= Coirpre Cromm mac Crimthainn =

Coirpre Cromm mac Crimthainn (died 577) was a King of Munster from the Eóganacht Glendamnach sept of the ruling Eoganachta dynasty. This branch was centred at Glanworth, County Cork. He was the son of Crimthann Srem mac Echado (died circa 542).

The chronology of the sixth-century kings of Munster in the sources is contradictory. The Annals of Tigernach mention him as king in 542 but then names another king in 545, Cormac mac Aillela. The annals then mention his death again at 577 after reigning 17 years. This would give a possible reign of 560–577. King lists contained in the Laud Synchronisms, the Book of Leinster and the saga Senchas Fagbála Caisil (The Story of the Finding of Cashel) also mention him.

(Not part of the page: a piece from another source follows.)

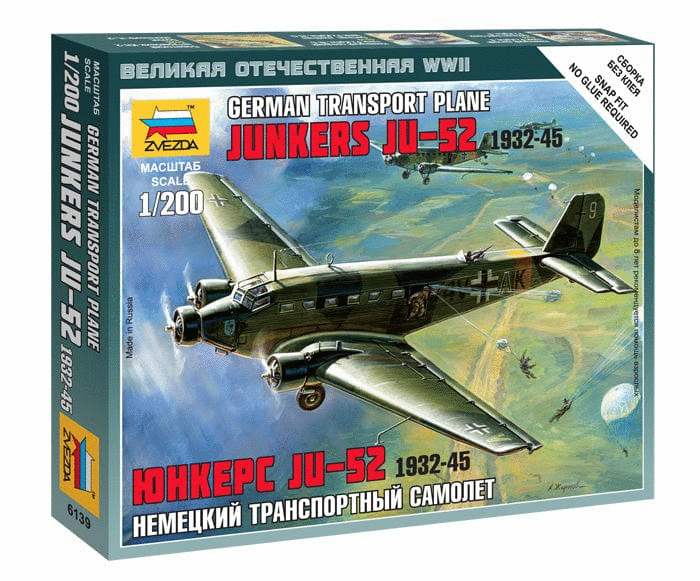 010 - Zvezda - 6139 - Junkers Ju 52 [snap fit] - primary image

In 572, he fought the Battle of Feimin (plain between Cashel and Clonmel, County Tipperary), and defeated Colmán Bec mac Diarmata (died 585) and many of the men of Meath were slain. A poem on the origin of the name of Loch Cenn gives the following information about this battle:

"Loch Cenn! woe to him that rows along its shore! Cairpre filled it with heads, till it is all blood beneath and above. Loch Silenn from that time forth ... did Cairpre fill, the warrior of the Cairn, so that hence comes the name of Loch Cenn."

His sons were Feidlimid mac Coirpri Chruimm, a possible king of Munster, and Áed Fland Cathrach, who was ancestor of the later kings from the Glendamnach line. He gave Cloyne to God and its first bishop was Saint Colman of Cloyne. His widow Cumman married Feidlimid mac Tigernaig, also King of Munster.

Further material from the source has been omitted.